There can be few among you who are not aware of the scandals surrounding past selling of financial services such as those listed above. People were given promises, especially with endowment mortgages, of financial performance from their chosen instrument far beyond the ultimate cold reality. Those companies that actively pursued such policies have themselves been touched with the reality of swingeing fines. But an aftertaste is always left behind, usually in the increased burden of regulation raised to ensure that such a thing can never happen again. Of course, it's all done in the name of consumer protection and that's not a bad idea as such.
However, when it comes to regulation, politicians and civil servants have a heavy touch. In their honest desire to achieve fairness for consumers, all too often they impose regulation that stifles a sector and may even make it uneconomic for reasonable and genuine services to continue. Of course, they have to try to take account of a wide range of circumstances in framing regulation but they also need to listen to bodies such as ourselves who can often prevent the unintended consequences of over-regulation causing customer detriment prior to the legislation being enacted.
In the case of the new insurance selling regulations ,that did not happen. The original legislation came out of Brussels from where some 75% of all new UK legislation now comes. But when being implemented into the UK ,it became 'gold-plated' and now reaches far beyond the problem it was designed to resolve.
Companies selling insurance--any insurance--in the UK have to be properly authorised. They've had to comply with tough legislation that includes a high level of training for their staff along with a strict regime of regulation that minutely controls their activities.
In the car rental industry, we fought long and hard to win exemption for a majority of so-called 'insurances'. Baggage and personal injury insurance for example, where sold as a part of the rental package, which now lie outside the scope of the regulation. But that still leaves some valuable, self-chosen products in scope. Products such as overseas breakdown and allied personal insurance and goods in transit are both caught and, in order to sell these, rental companies have to be authorised.

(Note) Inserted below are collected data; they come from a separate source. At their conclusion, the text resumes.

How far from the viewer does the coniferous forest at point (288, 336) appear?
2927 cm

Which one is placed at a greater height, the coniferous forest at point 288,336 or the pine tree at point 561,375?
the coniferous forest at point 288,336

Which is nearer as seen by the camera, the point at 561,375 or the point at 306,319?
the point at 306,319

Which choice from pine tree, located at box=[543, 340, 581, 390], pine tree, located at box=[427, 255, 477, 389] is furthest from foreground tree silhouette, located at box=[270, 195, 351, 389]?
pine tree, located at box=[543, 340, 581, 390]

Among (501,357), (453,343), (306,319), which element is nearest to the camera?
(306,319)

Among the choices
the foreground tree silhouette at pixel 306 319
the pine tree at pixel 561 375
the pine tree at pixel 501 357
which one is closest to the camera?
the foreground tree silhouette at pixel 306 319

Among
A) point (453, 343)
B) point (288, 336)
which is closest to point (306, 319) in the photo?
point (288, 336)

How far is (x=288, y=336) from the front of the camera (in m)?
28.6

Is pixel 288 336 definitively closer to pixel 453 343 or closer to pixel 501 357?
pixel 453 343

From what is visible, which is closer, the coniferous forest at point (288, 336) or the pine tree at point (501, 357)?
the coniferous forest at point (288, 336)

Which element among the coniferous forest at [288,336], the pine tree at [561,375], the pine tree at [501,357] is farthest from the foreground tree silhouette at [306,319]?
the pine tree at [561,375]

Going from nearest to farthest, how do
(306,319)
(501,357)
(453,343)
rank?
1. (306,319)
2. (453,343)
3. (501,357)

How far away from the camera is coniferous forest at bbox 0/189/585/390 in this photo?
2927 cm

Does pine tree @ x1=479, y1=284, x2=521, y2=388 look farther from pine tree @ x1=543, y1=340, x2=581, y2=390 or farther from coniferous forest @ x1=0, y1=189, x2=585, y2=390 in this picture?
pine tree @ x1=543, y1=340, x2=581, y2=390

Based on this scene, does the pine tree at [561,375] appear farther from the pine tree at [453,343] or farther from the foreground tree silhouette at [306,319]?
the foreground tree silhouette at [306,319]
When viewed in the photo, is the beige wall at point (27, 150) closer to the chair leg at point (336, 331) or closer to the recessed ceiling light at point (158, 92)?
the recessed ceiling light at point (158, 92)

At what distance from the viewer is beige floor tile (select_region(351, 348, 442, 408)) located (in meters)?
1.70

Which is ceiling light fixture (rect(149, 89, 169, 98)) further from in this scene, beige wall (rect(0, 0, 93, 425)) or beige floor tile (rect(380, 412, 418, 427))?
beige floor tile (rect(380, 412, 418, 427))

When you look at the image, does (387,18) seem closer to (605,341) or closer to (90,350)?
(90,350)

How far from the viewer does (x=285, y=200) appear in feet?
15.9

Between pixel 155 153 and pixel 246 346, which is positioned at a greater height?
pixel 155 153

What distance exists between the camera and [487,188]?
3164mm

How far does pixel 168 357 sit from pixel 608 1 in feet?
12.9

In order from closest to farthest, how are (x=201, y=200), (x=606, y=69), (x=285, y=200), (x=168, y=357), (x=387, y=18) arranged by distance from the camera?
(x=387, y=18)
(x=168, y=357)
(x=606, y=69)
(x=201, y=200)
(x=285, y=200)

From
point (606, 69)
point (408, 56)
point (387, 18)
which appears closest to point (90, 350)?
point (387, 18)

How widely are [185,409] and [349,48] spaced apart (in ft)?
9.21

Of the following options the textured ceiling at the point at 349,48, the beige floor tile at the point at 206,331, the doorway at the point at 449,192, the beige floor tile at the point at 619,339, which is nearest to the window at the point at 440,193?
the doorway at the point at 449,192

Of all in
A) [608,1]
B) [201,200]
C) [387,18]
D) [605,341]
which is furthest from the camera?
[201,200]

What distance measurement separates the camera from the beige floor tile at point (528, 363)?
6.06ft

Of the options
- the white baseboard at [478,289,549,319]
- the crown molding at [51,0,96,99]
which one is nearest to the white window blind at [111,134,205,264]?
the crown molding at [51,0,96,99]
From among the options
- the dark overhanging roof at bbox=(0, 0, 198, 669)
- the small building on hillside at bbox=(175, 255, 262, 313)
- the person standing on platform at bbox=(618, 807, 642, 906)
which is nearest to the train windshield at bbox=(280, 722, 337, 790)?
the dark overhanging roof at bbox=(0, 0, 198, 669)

To meet the training requirements to be able to offer these very low-volume products takes around eight hours of tuition for each member of staff. That's a big investment in time to sell a product for a low overall return and many companies are not willing to put in that sort of money for such a small profit. So they don't. But that means they cannot sell the product; this reduces customer choice and that, surely, was not the intention of the legislators in the first place.
It's the law of unintended consequences in full flow.

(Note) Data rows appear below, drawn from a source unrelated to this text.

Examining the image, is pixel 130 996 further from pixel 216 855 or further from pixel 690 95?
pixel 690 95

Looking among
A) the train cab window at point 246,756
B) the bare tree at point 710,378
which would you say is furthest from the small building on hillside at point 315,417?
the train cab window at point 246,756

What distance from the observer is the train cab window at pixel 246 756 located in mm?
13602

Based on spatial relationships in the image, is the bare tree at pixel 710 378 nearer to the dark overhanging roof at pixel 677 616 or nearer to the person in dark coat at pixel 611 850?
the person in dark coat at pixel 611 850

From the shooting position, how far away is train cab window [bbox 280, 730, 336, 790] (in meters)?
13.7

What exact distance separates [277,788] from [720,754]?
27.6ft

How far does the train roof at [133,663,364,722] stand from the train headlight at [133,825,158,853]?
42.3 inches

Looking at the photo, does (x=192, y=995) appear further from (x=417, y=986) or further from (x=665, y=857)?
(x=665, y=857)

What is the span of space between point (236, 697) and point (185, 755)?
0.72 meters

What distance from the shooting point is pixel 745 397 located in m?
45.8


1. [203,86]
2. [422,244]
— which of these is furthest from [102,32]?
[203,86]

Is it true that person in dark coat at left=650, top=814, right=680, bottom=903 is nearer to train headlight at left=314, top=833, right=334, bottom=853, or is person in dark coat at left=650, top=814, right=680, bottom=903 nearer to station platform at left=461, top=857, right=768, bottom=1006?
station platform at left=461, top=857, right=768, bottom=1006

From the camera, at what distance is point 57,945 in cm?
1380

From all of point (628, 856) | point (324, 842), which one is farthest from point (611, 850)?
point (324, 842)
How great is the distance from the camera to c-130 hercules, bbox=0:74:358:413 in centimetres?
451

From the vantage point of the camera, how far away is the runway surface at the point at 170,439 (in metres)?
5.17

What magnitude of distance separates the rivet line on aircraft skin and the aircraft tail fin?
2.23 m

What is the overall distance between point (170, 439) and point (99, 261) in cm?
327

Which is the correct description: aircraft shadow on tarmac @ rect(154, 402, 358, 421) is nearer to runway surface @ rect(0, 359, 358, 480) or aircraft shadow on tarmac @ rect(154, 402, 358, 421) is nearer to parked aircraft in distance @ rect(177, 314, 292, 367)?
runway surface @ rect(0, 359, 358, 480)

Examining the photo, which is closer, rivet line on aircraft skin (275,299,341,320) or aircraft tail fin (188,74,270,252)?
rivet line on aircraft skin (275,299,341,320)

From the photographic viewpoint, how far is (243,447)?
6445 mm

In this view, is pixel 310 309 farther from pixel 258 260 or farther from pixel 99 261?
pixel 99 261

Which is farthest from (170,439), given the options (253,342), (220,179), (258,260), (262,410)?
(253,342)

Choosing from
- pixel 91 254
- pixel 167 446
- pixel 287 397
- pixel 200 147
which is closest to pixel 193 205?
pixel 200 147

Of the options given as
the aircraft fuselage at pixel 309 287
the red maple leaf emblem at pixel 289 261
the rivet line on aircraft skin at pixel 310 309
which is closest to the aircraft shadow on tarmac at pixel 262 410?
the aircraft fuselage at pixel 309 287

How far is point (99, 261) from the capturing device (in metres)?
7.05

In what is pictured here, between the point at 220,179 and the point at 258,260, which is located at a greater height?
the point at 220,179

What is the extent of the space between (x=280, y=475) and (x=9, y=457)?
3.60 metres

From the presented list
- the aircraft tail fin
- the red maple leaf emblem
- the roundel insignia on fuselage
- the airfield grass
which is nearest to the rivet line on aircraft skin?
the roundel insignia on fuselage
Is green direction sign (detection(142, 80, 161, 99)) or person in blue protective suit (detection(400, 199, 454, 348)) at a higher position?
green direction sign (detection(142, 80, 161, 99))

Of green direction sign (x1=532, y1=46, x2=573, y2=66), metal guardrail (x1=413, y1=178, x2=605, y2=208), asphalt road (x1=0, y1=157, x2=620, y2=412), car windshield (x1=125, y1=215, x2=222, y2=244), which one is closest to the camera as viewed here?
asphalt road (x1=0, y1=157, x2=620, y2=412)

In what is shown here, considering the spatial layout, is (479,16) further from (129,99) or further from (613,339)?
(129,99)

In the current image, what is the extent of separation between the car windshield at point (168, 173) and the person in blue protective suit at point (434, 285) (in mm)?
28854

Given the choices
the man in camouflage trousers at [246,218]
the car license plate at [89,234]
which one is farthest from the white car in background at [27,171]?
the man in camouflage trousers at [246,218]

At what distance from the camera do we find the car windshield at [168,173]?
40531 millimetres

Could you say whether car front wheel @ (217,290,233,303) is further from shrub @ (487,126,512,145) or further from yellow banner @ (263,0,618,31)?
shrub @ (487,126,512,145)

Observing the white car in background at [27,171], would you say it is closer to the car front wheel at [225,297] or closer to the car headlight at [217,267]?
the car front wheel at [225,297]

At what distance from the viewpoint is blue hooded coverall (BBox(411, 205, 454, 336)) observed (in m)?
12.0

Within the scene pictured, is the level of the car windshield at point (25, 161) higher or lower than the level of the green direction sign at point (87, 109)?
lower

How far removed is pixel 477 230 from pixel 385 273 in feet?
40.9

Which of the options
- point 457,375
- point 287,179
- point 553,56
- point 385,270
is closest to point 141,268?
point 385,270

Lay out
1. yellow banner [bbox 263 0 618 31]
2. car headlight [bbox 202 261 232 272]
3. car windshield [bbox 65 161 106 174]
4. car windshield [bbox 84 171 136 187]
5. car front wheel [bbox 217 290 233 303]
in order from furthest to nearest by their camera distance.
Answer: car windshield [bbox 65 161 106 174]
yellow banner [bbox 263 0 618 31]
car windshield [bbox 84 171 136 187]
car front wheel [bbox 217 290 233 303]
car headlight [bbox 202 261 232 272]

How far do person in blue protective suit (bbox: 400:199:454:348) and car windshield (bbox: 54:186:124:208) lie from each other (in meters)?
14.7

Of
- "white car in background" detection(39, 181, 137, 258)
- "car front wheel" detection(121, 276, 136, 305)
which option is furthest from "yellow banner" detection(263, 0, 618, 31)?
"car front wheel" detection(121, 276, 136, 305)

To put this more into context let me give you a wider application. Take the used car dealer operating in, shall we say, the lower end of the market, and offering vehicles in the sub-1500 [pounds sterling] range to a local community. He's been around for quite some years, offers a good deal to his customers, probably he's even a member of the local Chamber of Commerce. Now he's hit with regulations that forbid him to sell products such as payment protection and even externally sourced warranties, unless he goes through the tortuous process of becoming authorised.
What does he do? All too often he's going to say: "My main business is selling cars. Yes, I'd like to sell insurance products but it simply isn't worth my while." And he withdraws those products. Products that his customers would like and probably need to have, such as payment protection.
What we are increasingly seeing is regulation that, far from protecting customers, is all too often having the opposite effect. In the case of insurance it is leaving customers potentially exposed to risks they would often rather not run. The sledgehammer of over-regulation has all too easily cracked the nut of consumer protection.